# Ponds and Water Gardens > General Pond Topics > Constructing a Pond >  Constructing a Pond

## Gary R

A pond is a beautiful and restful addition to your backyard or garden. Whether or not you choose to add fish or other pond animals, a pond can provide hours of entertainment and become a favorite area of focus. To get the most enjoyment from your pond, however, you will want to invest time in careful planning. The location, shape, depth and materials used in constructing a pond are critical to its health. A trip to the library or bookstore or viewing a website like this, is highly recommended. You will also wish to consider the following things as you begin to plan your project.

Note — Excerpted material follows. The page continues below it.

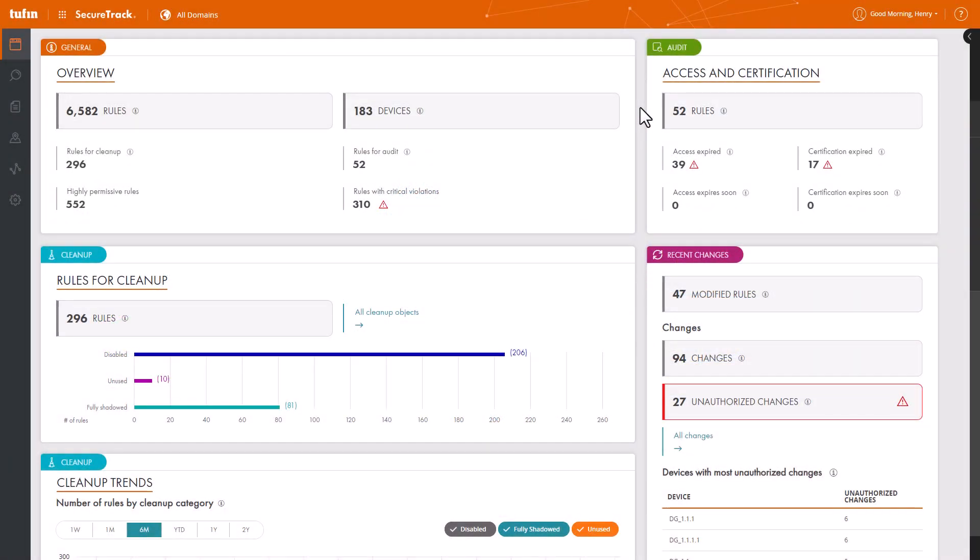Let's start from Tufin's homepage dashboard and look into any fully shadowed access rules. These are rules whose traffic is handled by another rule or rules higher up in their firewall rule base.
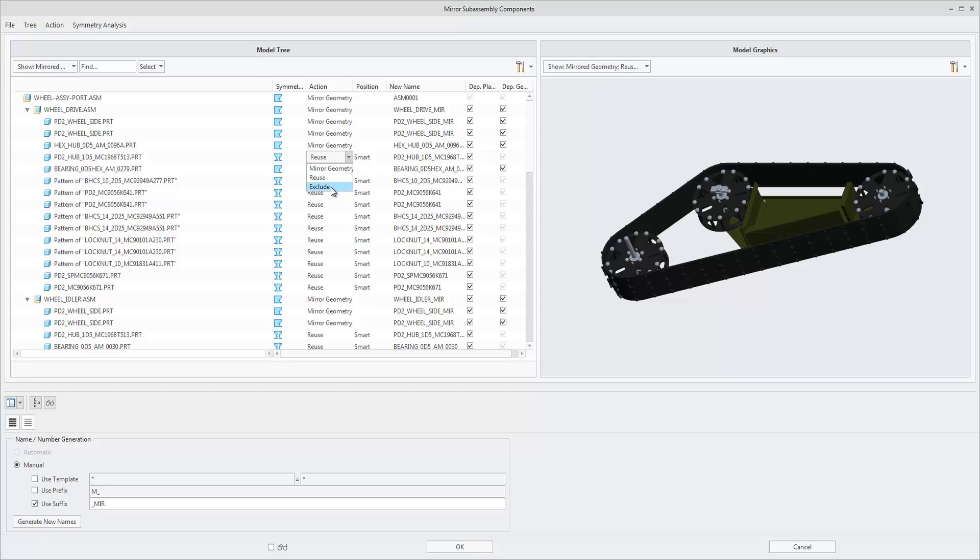Choose between Mirror Geometry, Reuse, Reuse Mirror Trim, or Exclude.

How Much to spend on your new pond!!!

Like all large-scale ventures, the initial cost can be a bit daunting. Proper initial set-up will ensure success and save money in the long run and make maintenance more manageable. Since set-up will involve determining how and where to dig the pond, what type of liner to use, and what filters and plumbing will be required, make sure you are aware of all the costs involved before you start. If using contractors, be sure to get firm quotes, and if using a pond maintenance contractor, be sure to outline what and when maintenance will be done. The only surprise we want is the enjoyment we will get from the completed pond!

In addition to reducing maintenance cost, you can greatly reduce your maintenance time through proper planning. In order to keep your pond healthy, you must keep track of chemical levels in the water and keep the pond and filters clean. Once the pond is set up the way you want it, less time is needed to keep it going regularly, but the pond will still require attention. Depending on where you place the pond, more or less time may be involved in removing excess leaves or algae, and this time should be factored into your decision about where to place your pond.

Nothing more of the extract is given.